Dataset extract
########

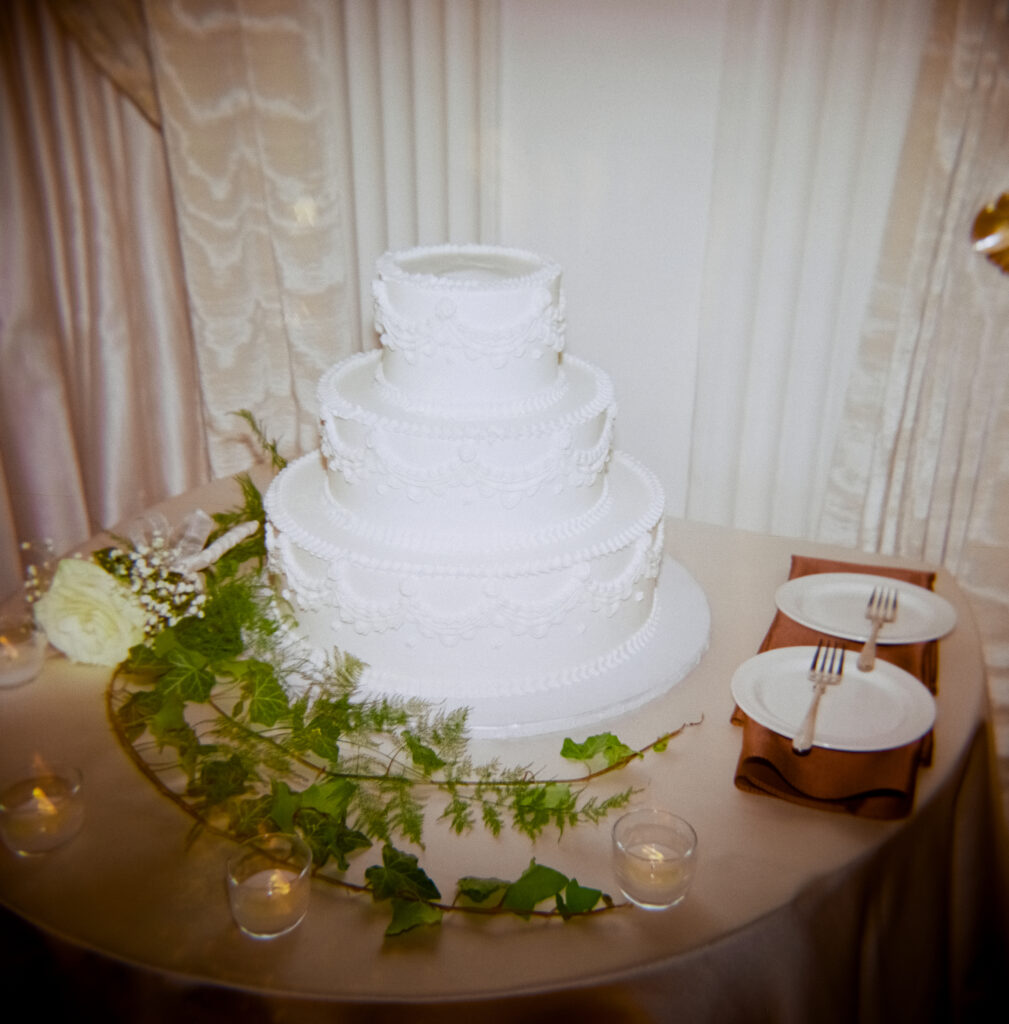 three tier white wedding cake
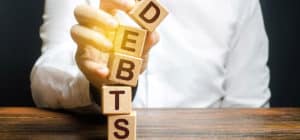 Person stacking blocks with letters D-E-B-T-S written on them to spell out DEBTS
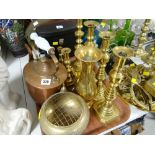 A pair of Queen of Diamonds-style brass candlestick holders, a pair of smaller similar, two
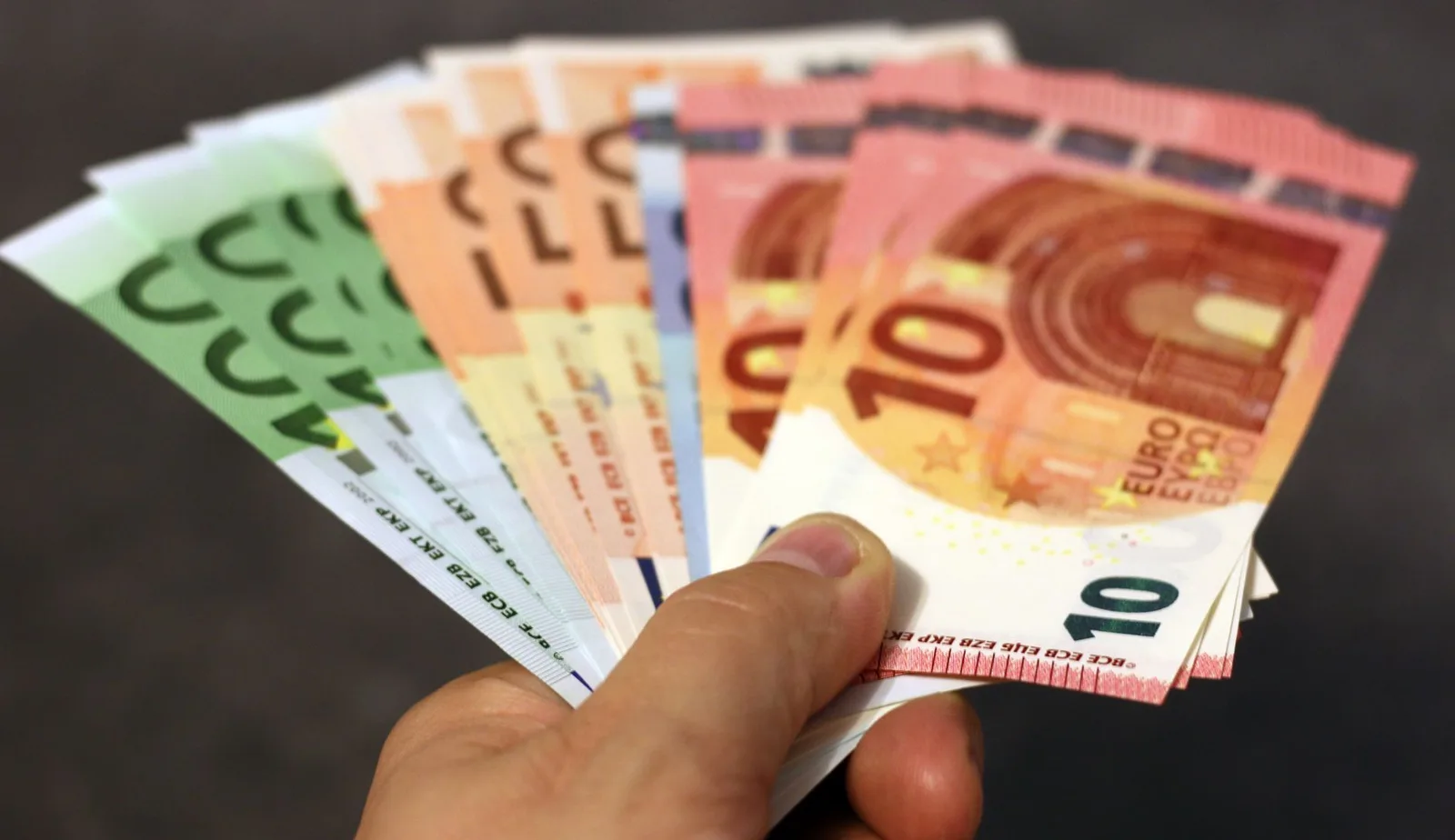 Un abanico de billetes de euro en varias denominaciones sostenido en una mano.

########

The problem
Your task is to restate word for word the lines from the line holding "A pair of Queen" through the final line of the listing, both included, but none of the pictures.

Exercise solution
 A pair of Queen of Diamonds-style brass candlestick holders, a pair of smaller similar, two
 Un abanico de billetes de euro en varias denominaciones sostenido en una mano.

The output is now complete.